Refinancing Does Not Cause Your Property Taxes To Go Up
do your property taxes go up in California when you refinance your property?
This is one of those urban legends. People are concerned that because the house is appraised by the lender, the assessor is somehow going to find out that their property is worth more and send their tax bill soaring.
However, thanks to Proposition 13 in California, the formula for property taxes has little to do with current market value or what the home is really worth. The formula is based upon the purchase price plus two percent per year, compounded. If you can document that your home is worth less than this amount, contact your county assessor's office. But if it's worth more, they cannot increase it beyond this number.

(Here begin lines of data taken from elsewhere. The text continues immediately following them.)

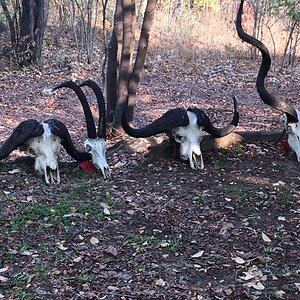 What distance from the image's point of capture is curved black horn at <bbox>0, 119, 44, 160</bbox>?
504cm

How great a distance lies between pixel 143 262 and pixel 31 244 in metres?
0.88

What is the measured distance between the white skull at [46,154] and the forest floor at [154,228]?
0.10 metres

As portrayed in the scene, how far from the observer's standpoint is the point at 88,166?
5512 millimetres

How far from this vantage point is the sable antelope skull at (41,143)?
5.06m

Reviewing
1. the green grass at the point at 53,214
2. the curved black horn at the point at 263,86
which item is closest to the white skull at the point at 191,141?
the curved black horn at the point at 263,86

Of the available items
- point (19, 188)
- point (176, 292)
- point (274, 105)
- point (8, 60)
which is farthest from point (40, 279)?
point (8, 60)

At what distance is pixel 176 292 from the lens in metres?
3.27

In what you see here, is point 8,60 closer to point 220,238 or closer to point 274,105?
point 274,105

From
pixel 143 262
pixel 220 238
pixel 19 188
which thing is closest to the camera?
pixel 143 262

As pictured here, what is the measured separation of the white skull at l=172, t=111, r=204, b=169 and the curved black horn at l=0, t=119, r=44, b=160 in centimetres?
145

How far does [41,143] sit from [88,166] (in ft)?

Indeed, certain family transfers can preserve this lower tax basis. Mom and dad deed it (or will it) to the kids, and the kids keep paying taxes on it based upon a purchase price of perhaps $60,000 (Plus thirty-odd years of compounding at two percent, so maybe $115,000) when comparable homes may be selling for $600,000.

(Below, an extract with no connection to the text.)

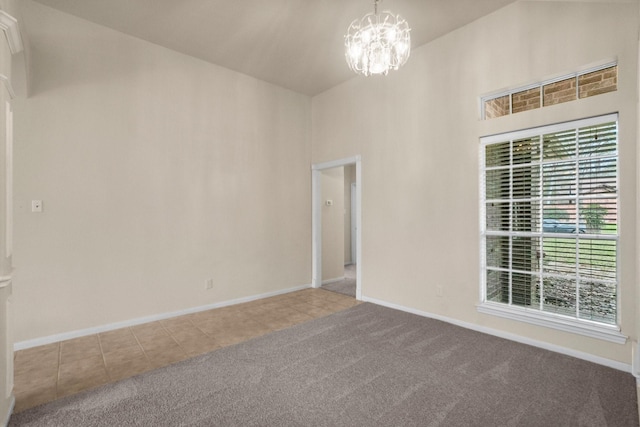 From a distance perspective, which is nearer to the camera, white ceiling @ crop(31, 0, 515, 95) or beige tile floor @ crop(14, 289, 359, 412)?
beige tile floor @ crop(14, 289, 359, 412)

There are two major exceptions. First, a sale. If you sell it to someone else, then repurchase, you don't get the old tax basis back. Second, improvements. If you take out a building permit, the assessor will add the current value of your improvements to your tax bill. This can, in situations like the previous paragraph, result in a tax bill that literally doubles if you add a room. Indeed, this is one of the main reasons for the growth of the unlicensed contractor industry, because licensed ones have to make certain the permits are in order, and homeowners are trying to sneak one over on the county. This is why a very large proportion of properties in MLS have the notation that "this addition may not have been permitted." They know good and well that the addition wasn't permitted, and quite likely isn't to code, either. If it's built to code it's usually grandfathered in to subsequent updates. Subsequent owners can get forgiveness as innocent beneficiaries who bought the house like that, and so the purchase price included the value of that room (and occasionally, the state finds it worth its while to go after the previous owner for back taxes and possible penalties, and I believe that the incidence of this will likely increase dramatically in the next couple of years). If it's not built to code, however (an offense unlicensed contractors often commit), the subsequent owner can be looking at a large mandatory repair bill, or perhaps even demolishing the addition they paid for if the county inspector deems it unsound. You want to be very careful about properties with the "addition may not have been permitted" disclosure.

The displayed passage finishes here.